Time information Cleaning up
type('timeStamp')
df['timeStamp'] = pd.to_datetime(df['timeStamp'])
df['Hour'] = df['timeStamp'].apply(lambda t : t.hour)
df['Month']= df['timeStamp'].apply(lambda t : t.month)
df['Week'] = df['timeStamp'].apply(lambda t : t.weekday())
df['Week'] = df['Week'].map({0:'Mon',1:'Tue',2:'Wed',3:'Thu',4:'Fri',5:'Sat',6:'Sun'})
We start from days of week. Let's see 911 calls in different days of week for different reasons. There were fewer 911 calls on weekends compared to weekdays. There were the largest number of calls on Friday for EMS and on Tuesday for traffic. For fire, the number basically remained constant.
sns.countplot(x='Week',hue='reason',data=df, palette='deep')
plt.legend(bbox_to_anchor=(0, -0.15, 1, 0), loc=2, ncol=2, borderaxespad=0)
Now get the monthly data, apperently, viewing from a distributed aspect, the information of September, October and November is omitted. So, we should turn to other methods.
sns.countplot(x='Month',hue='reason',data=df,palette='deep')
plt.legend(bbox_to_anchor=(0, -0.15, 1, 0), loc=2, ncol=2, borderaxespad=0)
This graph shows the monthly trend of 911 calls. In the beginning of the year(January), the number of 911 calls was the largest. It gradually decreased till March, and then increased again. In July, it reached the peak before drastically decreased in August. There were no information in September, October and November.
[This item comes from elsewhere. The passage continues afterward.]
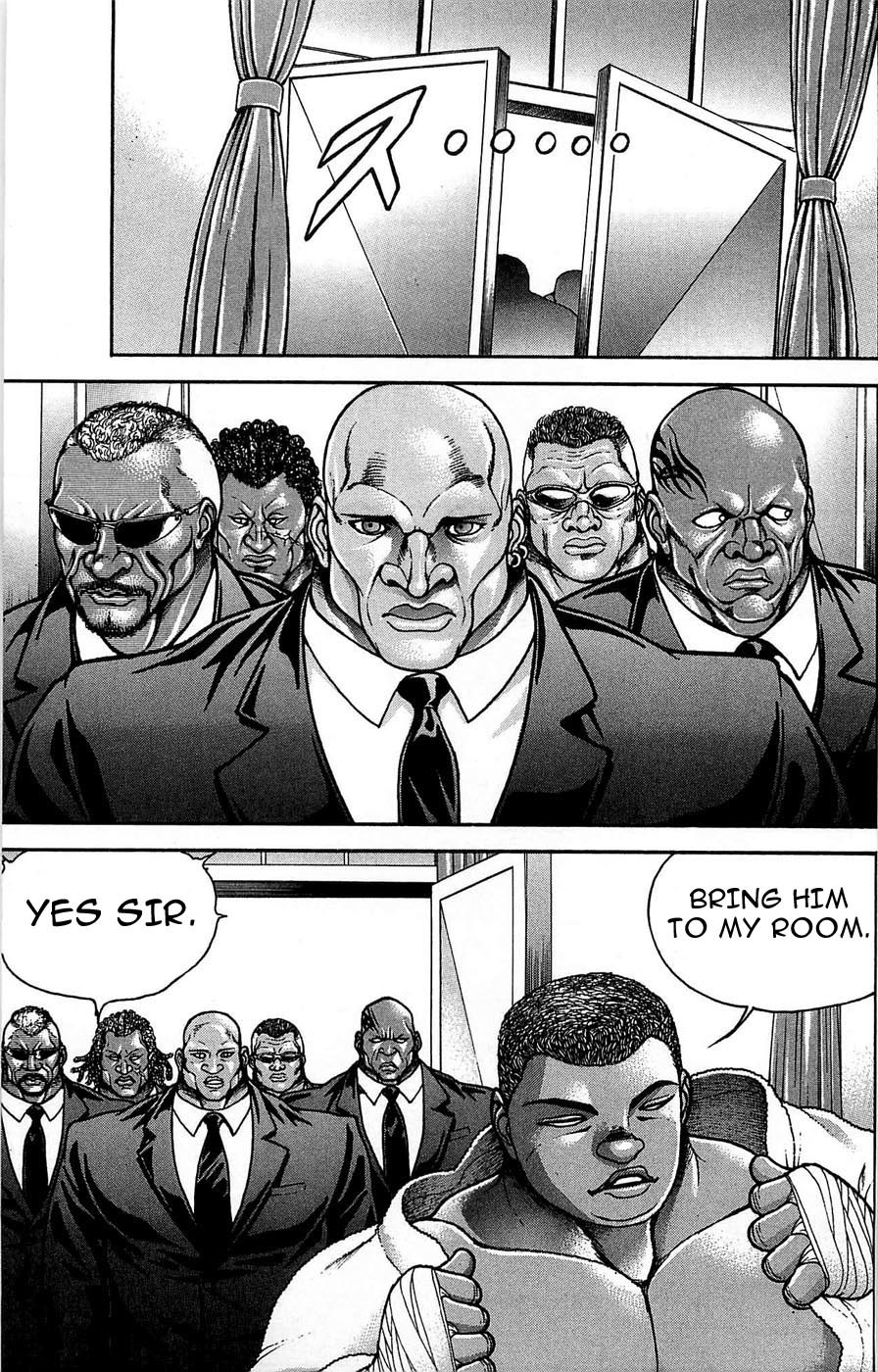 New Grappler Baki Chapter 263 page 3 - Chapter 263: The Strongest Equals the Best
Finally, in December, the number was the smallest in the whole year.
byMonth = df.groupby('Month').count()
byMonth['lat'].plot(lw='3', color='purple')
plt.title('911 Calls per month')
From this graph, you can see the exact data points, and the overall trend of the calls.
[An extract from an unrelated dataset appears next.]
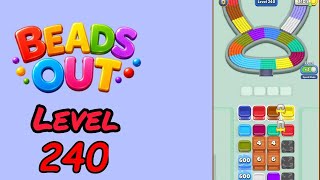 Beads Out Level 240 Walkthrough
byMonth = byMonth.reset_index()
sns.lmplot(x='Month',y='title',data=byMonth)
plt.set_ylabel='numbers of calls'
Then we take a look at the numbers of 911 calls on each day.
df['Date']=df['timeStamp'].apply(lambda t: t.date())
byDate = df.groupby('Date').count()
byDate = byDate.reset_index()
byDate['title'].plot()
plt.tight_layout()
Generally speaking, the distribution of 911 calls is quite regular, except for a very large number on a day in Janurary 2016. Now create 3 separate plots with each plot representing a reason for the 911 call.
Traffic = df[df['reason']=='Traffic']
byDate1 = Traffic.groupby('Date').count()
byDate1['Date'] = byDate.index
EMS = df[df['reason']=='EMS']
byDate2 = EMS.groupby('Date').count()
byDate2['Date'] = byDate.index
Fire = df[df['reason']=='Fire']
byDate3 = Fire.groupby('Date').count()
byDate3['Date'] = byDate.index
For Traffic
byDate1.plot.line(x='Date',y='title')
plt.title('Traffic')
For EMS
byDate2.plot.line(x='Date',y='title')
plt.title('EMS')
For Fire
byDate3.plot.line(x='Date',y='title')
plt.title('Fire')
df[['Hour','Week']].unstack(level=0)
dayHour = df.groupby(by=['Week','Hour']).count()['reason'].unstack()
Finally, I want to find out in what time of a day will have a larger number of 911 calls. I create two heatmaps to show the level, brighter color means more calls.
This graph shows the number of 911 calls in hours based on different days of week.
plt.figure(figsize=(10,6))
sns.heatmap(dayHour,linecolor='white',linewidths=1,cmap='magma')
This graph shows the number of 911 calls in hours based on different months
dayMonth = df.groupby(by=['Month','Hour']).count()['reason'].unstack()
plt.figure(figsize=(10,6))
sns.heatmap(dayMonth, linecolor='white',linewidths=1,cmap='magma')
Obviously, there are much more calls happening during daytime rather than at midnight or early in the morning.